Symposium
Youth - actor of social change?

Date
December 12-16, 2001

Where
European Youth Centre Strasbourg
30, rue Pierre de Coubertin
67000 Strasbourg
France

Contact
Irena Guidikova, Anne-Marie Faradji, Inge Stuer
Tel : (33 3) 88 41 23 00
Fax : (33 3) 88 41 27 77

Registration procedure
Please fill the on-line application form: http://www.coe.fr/youth/home.htm

Note that we cannot invite more than 100 participants. An early registration is therefore strongly recommended. Registration fee, payable upon arrival.

Deadline
May 30, 2001

This symposium is a key element of the Council of Europe's three year programme on Youth Participation, which focuses on issues related to the role of young people and youth NGOs in social governance, youth political involvement at local level, the emergence of new forms of social and cultural activism, and the interaction between new information technologies and political participation.

The symposium will seek to steer a debate on participation in a broad sense, looking at ways young people make a difference in their immediate environment and in social development dynamics, though their everyday behaviour at individual and group levels.

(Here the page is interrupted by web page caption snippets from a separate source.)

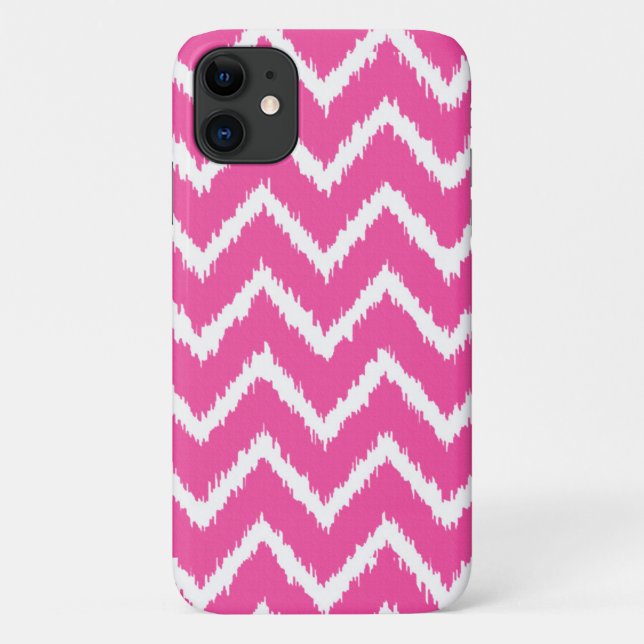Coques Case-Mate iPhone Chevrons Ikat - Rose fuchsia profond et blanc (Dos)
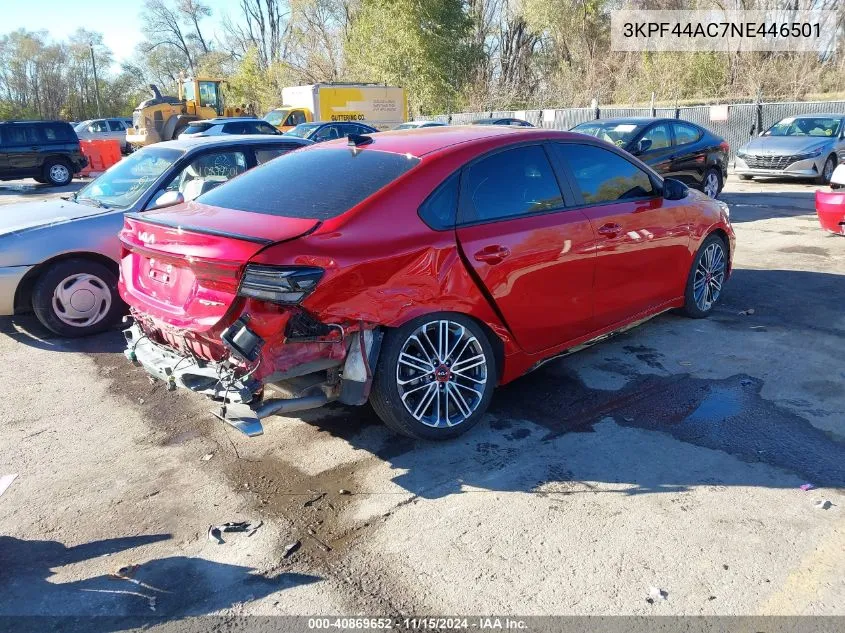 2022 Kia Forte Gt Manual VIN: 3KPF44AC7NE446501 Lot: 40869652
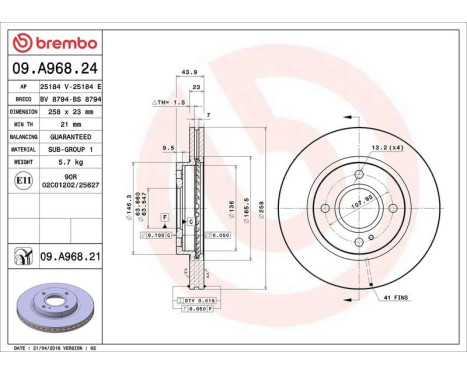 Brake Disc COATED DISC LINE 09.A968.21 Brembo, Image 3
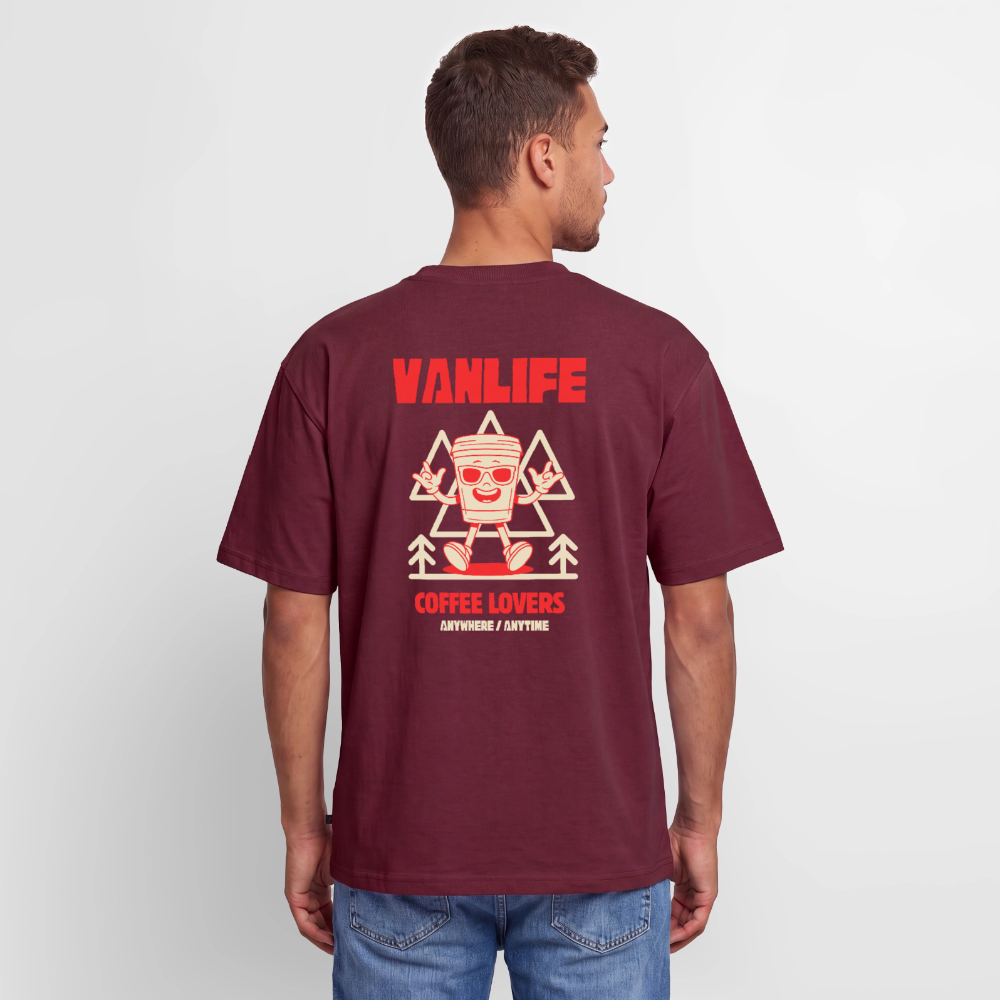 Vanlife Unisex Premium Oversized Bio T-Shirt Coffee - Burgunderrot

The relationship between "life politics", individualisation, social fragmentation, and the shifting forms of collective identification will be explored in view of identifying those structures and mechanisms which correspond to late-modern youth's understanding of politics, democracy and solidarity.

Is the upcoming generation, in Europe and worldwide, carrying a distinctively new set of values, attitudes and lifestyles? What social changes could predictably come about as a result of this generation's activity? What are the implications for the social and political institutions as we know them?
Are we witnessing the rise of the N-Gen[eration][1] - a bunch of smart community - minded, self-determined nerds, driven by achievement, healthy lifestyles, and social change activism? Are youth trends global and how do they translate locally in the West, as well as in the transition countries in Europe and in the developing world?

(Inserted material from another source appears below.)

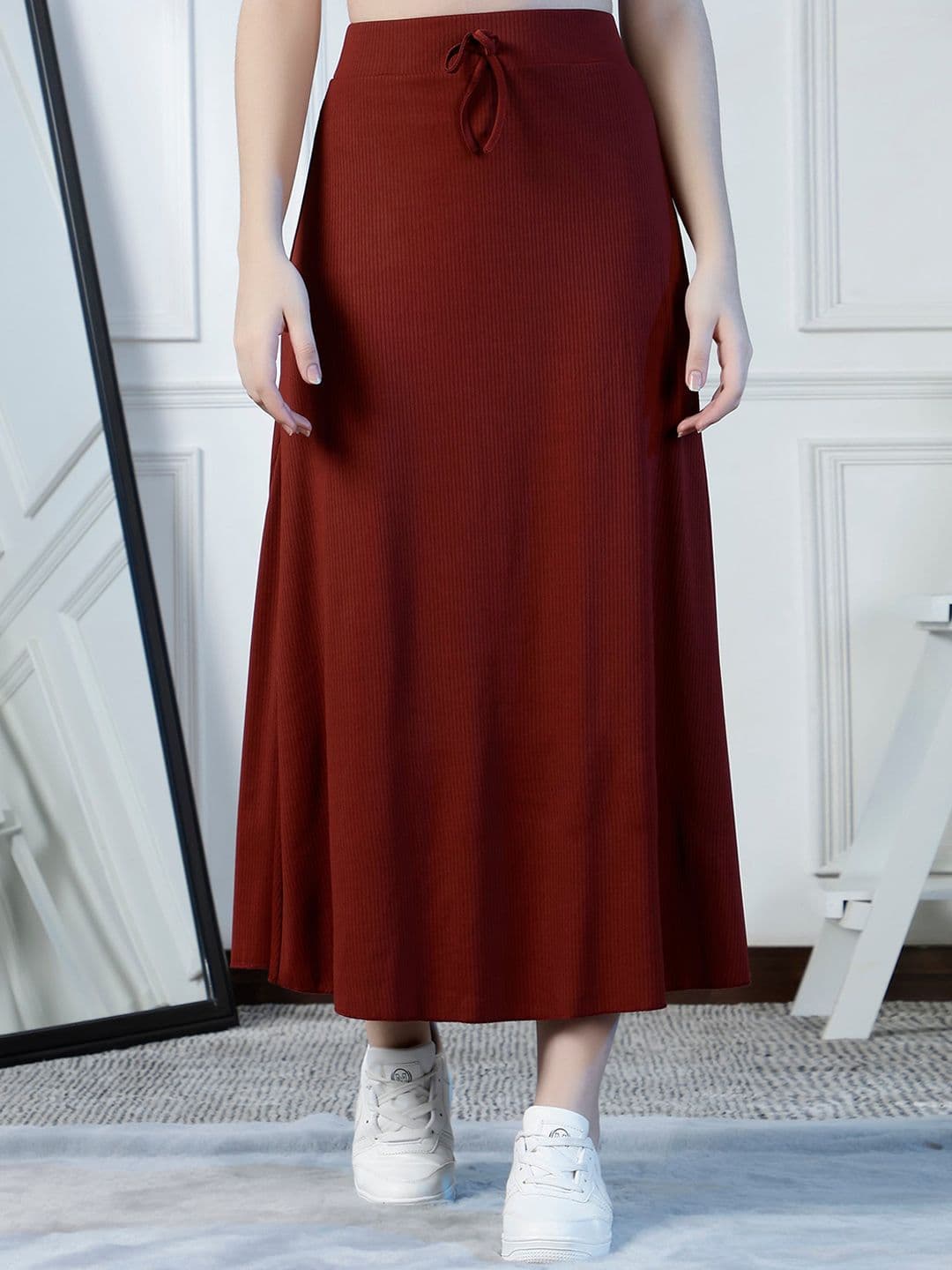NEUDIS Ribbed Flared A-Line Maxi Skirt - view 1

What indicators allow us to measure young people's influence on social change? How do young people's action or inaction alter the landscape of knowledge, work, leisure, community and power? How do social structures and institutions favour and/or obstruct the young generation's influence?

Six workshops, designed as expert fora, will debate on the following issues:

Theorising youth: the concept of "youth" in late modernity - revisiting the concept of transition in the light of discussions on multiple and reversible trajectories, lifelong and peer learning, and the de-segmentation of life course with regard to age; youth citizenship and individualisation; social fragmentation and youth identities; globalisation and multi-cultural society.

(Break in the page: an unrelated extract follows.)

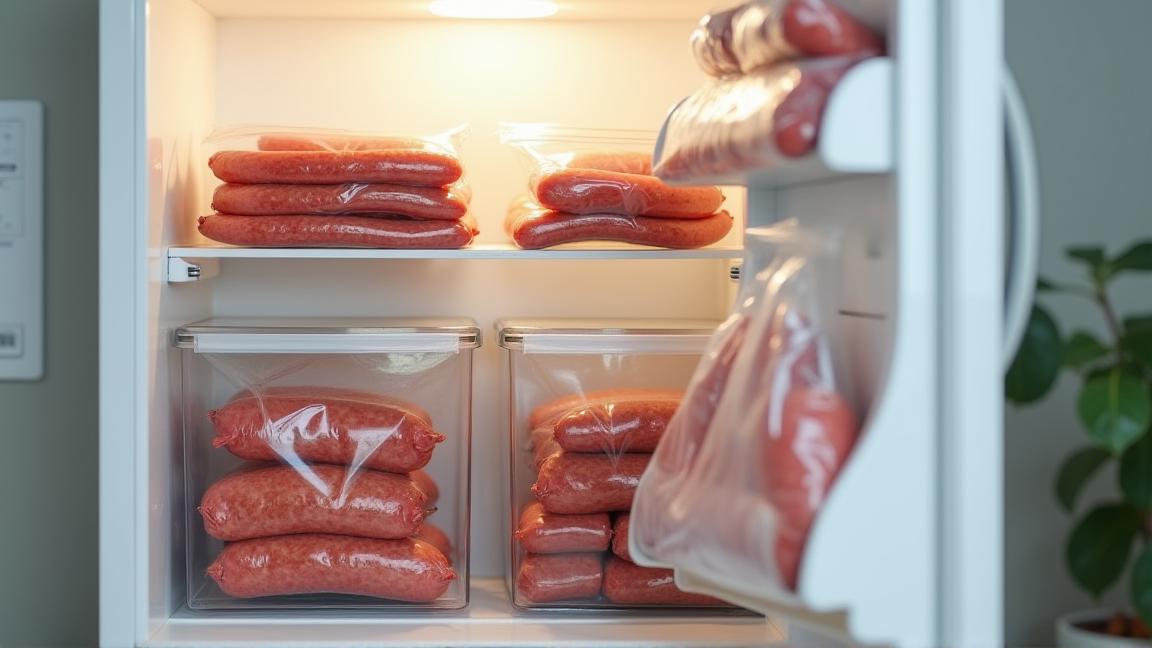 整理された冷凍庫の中に並ぶ食材とウインナーのフリーザーバッグ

Demography: the young generation's demographic weight, fertility rates, family patterns and roles, ethnic mix, rural-urban divide, and their implications for the inter-generational distribution of power and wealth.

Education: achievement and drop-out rates, school-to-work transitions, investment in education and training, equal opportunity policies, life-long learning opportunities, and their impact on social prosperity and stability.

Employment: the generation's employment expectations, choices and opportunities, inter-generational relations in the labour market and on the workplace, and their consequences for the economy, the social meaning of work and the work-life balance.

Culture and Lifestyle: trends in youth leisure and consumption, youth cultures and lifestyle politics and their relationship to structures and processes in education, work, family and politics.

Participation and citizenship: youth and the future of representative democracy, volunteering trends, new-age activism, local democracy and the role of the third sector, cultural participation, NIT and new forms of participation.

The symposium will primarily focus on disparities/similarities among European countries in relation to the above issues. However, we shall also invite a number of non-European participants to introduce a global perspective and identify global youth trends.

The symposium will seek to integrate several levels of discussion, ranging from policy context to social theory and practice, on the basis of the varied expertise of a mixed audience of researchers, policy professionals and youth workers. Due to the density of the programme, participants will not be expected to present individual research projects but develop intellectual approaches and address strategic issues within a give subject area on the basis of previous research, or knowledge and reflection.

However, participants are invited to prepare written contributions which will be published in the symposium's proceedings.

Working languages
The working languages of the symposium will be English and French. Simultaneous interpretation will be provided in plenary sessions and some of the workshops.

Travel costs
Travel costs of a limited number of participants could be reimbursed up to 100% . Participants will receive free board and lodging at the European Youth Centre.